A two car Israeli diplomatic convoy traveling on the main road from the Jordanian capital back toward the Allenby bridge which crosses the Jordan river into Israel was attacked by a concealed roadside bomb on January 15. The explosion did not wound any of the Israeli passengers, but did leave a three foot crater near the road. It was the first time a roadside device was ever deployed in Jordan. Such attacks became routine in Lebanon before the Israeli military pullout in May 2000, and more recently in Iraq.
Jordanian officials immediately stated that the bombing was a well planned assault carried out by highly trained terrorists. Later reports in the Jordanian press said Iran had ordered and funded the attack, working closely with local Al Qaeda operatives. They added that the explosives used in the bombing were probably smuggled into Jordan by Iranian diplomats who are not subject to the usual security inspections others go through. Jordanian security officers arrested several suspects in Amman, while vowing to do everything possible to prevent future attacks. Israeli leaders said they would order stepped up security measures at their embassy in Amman, which is already among the most heavily guarded buildings in the world. They also ordered additional security measures for all other overseas missions. This came amid what were termed “firm intelligence reports” that Iran and its Lebanese Hizbullah puppet force are planning to launch attacks on Israeli targets abroad to mark the second anniversary of the assassination of Hizbullah military leader Imad Mughniyeh in February 2007. He was killed by a car bomb while visiting Damascus. Hizbullah leaders blamed the incident on Israel and vowed to avenge his death.


Israeli military and political leaders expressed grave concern over Syrian media reports stating that officials in Damascus believe Israel is preparing for a springtime offensive against Hizbullah militia forces in Lebanon. According to the Syrian Al Watan newspaper, the Assad regime has hard intelligence indicating that a major IDF offensive is being planned for this coming May. The reports stated that Syrian leaders have vowed to enter any such conflict on Hizbullah’s behalf. Reports said a call up of reserve Syrian soldiers began on January 23.

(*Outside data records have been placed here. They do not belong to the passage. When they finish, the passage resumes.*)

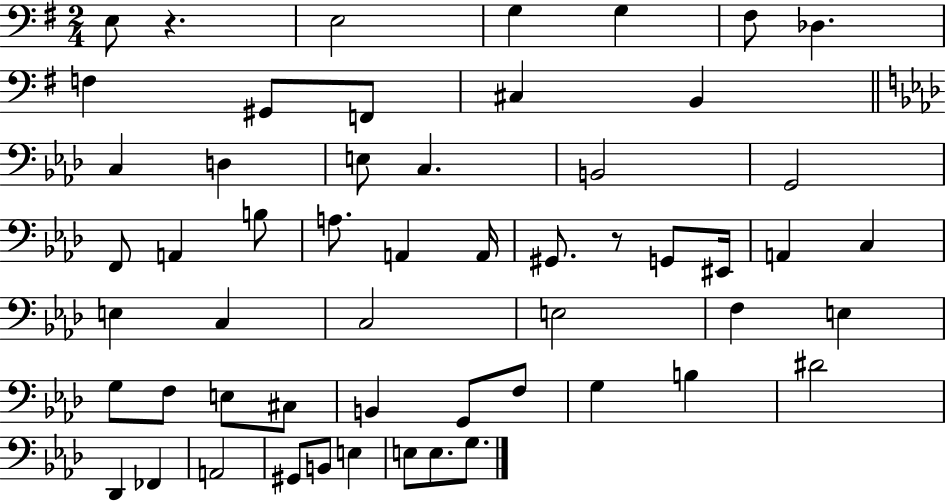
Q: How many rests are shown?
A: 2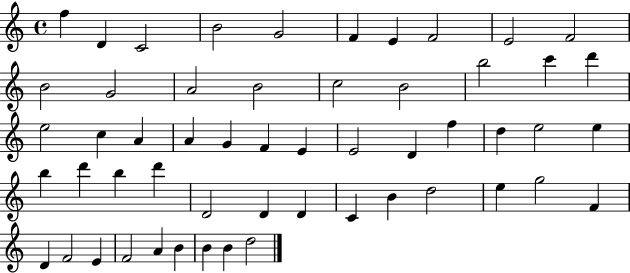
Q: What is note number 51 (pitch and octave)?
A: B4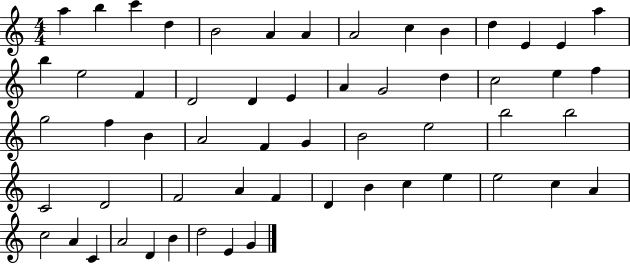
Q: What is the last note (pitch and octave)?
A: G4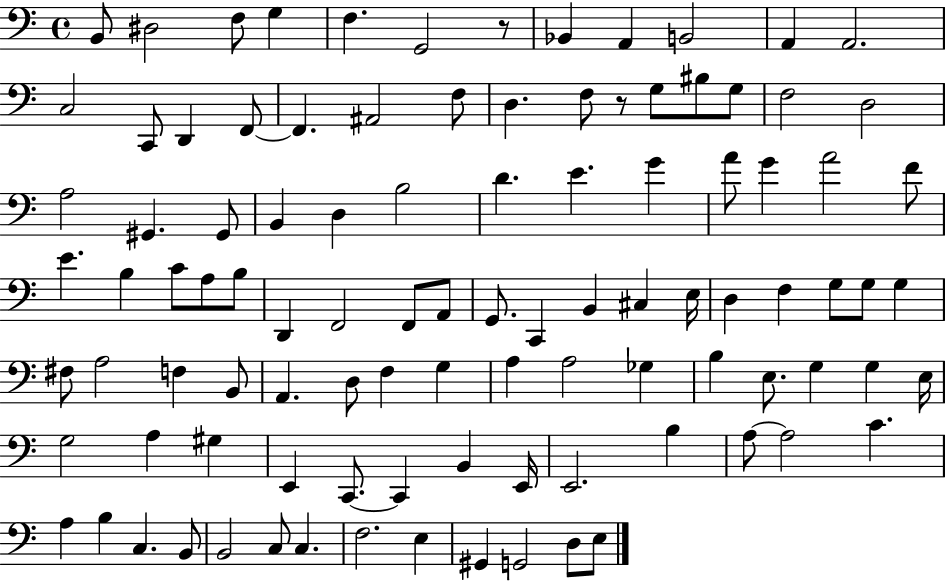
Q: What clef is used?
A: bass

Prime Minister Netanyahu forcefully denied that any military action was being planned. However other members of his cabinet said a major clash with the heavily re-armed Lebanese force is inevitable at some point.

Meanwhile Hizbullah leader Hassan Nasrallah delivered yet another anti-Israel diatribe on January 16, vowing to "change the face of the region" if another war breaks out with Israel. He claimed Lebanon was "facing the threats that you hear about today, adding that “if another war breaks out with the Zionists, we will defeat the enemy and achieve a great victory.” The Shiite clerical leader averred that "Israel is in real trouble,” and repeated earlier assertions that “a handful of resistance fighters and jihadists” bested the more powerful IDF during the 2006 Second Lebanon War. ”

The Kuwaiti newspaper, Al Rai, quoted an unnamed American government official who said that Syria is training Hizbullah militiamen in the use of sophisticated anti-aircraft missile batteries which could bring down Israeli fighter aircraft. The official reportedly added that Israeli leaders have passed on messages to Damascus through third parties warning that if Syria allows Hizbullah to deploy SA-2 anti-aircraft batteries inside Lebanon, Damascus itself will be bombed and another major Middle East war will begin. However the official said he did not see such a war as likely given the stern Israeli warning, which will hopefully cause Syria to prevent such SA-2 systems to be moved into Hizbullah-controlled Lebanese territory.

With war clouds apparently gathering in the region yet again, Israelis welcomed the many rain clouds which also appeared during January—even if that resulted in some flooding. May Israel’s Eternal King, the One with “the appearance of a rainbow in the clouds on a rainy day” (Ezekiel 1:28) also visit the Promised Land very soon!

DAVID DOLAN is a Jerusalem-based author and journalist who has lived and worked in Israel since 1980.